Now let us never speak of this again. :)

The show ends with Lili disappointed in Wallace; she passes him off to her younger sister Nina (played well by Nina - this was a sympathetic role that could've devolved to wet-blanket girlfriend, but she carried herself well and, in the end, convincingly dropped into hate-fueled anger), with whom Wallace falls deeply and honestly in love. But with his residual pain from mother, he cannot trust her fully, so he cheats on her - and after some soul-searching, decides to tell her. She reacts violently, but ultimately comes back, leaving Wallace to reject his notion that women will always desert him.

I took a little bit of issue with this tidy ending to the play; again, not something the actors or director could have done much with, but I found it to be a little over-the-top Hallmark. The brutal truth is that there will be no curtain-closing resolution, that no matter how much one can get over it and move on, that pain will always exist. I much more appreciated the earlier-mentioned aspect, that life shapes you and you shape it. I would rather focus on this idea and less on some fantasy-based notion that everything is going to be alright.

That said, great, great show.

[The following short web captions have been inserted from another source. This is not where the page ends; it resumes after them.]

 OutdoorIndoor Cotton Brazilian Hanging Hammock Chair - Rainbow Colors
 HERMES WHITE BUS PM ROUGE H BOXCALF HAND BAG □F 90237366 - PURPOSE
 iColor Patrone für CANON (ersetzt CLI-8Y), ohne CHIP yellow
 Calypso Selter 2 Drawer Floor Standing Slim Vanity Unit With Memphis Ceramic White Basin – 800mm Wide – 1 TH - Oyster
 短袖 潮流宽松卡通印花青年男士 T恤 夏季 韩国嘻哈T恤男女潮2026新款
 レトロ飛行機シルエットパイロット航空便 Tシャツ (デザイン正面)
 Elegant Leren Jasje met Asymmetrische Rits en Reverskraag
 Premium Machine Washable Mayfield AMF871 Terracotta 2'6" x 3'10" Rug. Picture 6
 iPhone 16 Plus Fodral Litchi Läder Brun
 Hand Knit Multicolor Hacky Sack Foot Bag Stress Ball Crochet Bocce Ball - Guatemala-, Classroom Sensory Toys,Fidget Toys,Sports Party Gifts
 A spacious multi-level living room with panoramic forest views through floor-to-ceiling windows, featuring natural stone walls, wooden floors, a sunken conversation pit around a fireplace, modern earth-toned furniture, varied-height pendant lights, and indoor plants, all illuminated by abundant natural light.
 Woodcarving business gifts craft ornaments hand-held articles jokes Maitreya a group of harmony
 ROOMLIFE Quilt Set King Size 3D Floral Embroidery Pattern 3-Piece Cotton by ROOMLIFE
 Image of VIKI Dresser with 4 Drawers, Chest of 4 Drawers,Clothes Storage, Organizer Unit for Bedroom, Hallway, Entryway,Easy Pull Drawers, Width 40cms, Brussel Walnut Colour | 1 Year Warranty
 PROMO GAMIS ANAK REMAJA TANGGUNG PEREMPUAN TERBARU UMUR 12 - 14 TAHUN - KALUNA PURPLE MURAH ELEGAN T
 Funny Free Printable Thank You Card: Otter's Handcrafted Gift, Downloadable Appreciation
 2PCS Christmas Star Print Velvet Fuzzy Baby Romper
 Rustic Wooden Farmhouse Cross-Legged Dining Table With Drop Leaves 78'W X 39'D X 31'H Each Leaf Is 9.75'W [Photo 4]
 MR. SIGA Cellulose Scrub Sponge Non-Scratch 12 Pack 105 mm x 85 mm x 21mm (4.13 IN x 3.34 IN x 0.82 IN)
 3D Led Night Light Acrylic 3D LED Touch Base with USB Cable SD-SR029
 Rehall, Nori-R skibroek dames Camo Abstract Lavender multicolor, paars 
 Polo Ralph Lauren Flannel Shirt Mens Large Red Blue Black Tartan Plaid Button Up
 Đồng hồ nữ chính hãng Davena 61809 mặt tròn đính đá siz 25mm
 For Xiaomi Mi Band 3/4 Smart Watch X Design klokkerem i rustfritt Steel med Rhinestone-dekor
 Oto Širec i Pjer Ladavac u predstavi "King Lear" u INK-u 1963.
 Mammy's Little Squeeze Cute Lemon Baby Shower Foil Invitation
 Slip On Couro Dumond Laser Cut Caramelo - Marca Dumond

This was a top level performance, and with all apologies to Clark theater people (my brother, really, not the ones who went on to illustrious reality show careers), this was far and away the best high school theater I've seen. Having that level of talent collected in one institution is nothing short of incredible - and let's keep in mind that these heights were achieved by a *student director.* I can't say this enough - big, big congratulations to Danielle; you pulled off something tremendous.

And not to short it - the later show, This is a Test, was excellent and very, very funny as well. It's lead, Austin, pulled off his own tour-de-force of paranoid, frenetic anxiety that was sidesplitting. My SASI student Josh played a hilarious send up of evil, pretentious teachers everywhere. SO it was great, too, but I was just blown away by WaW.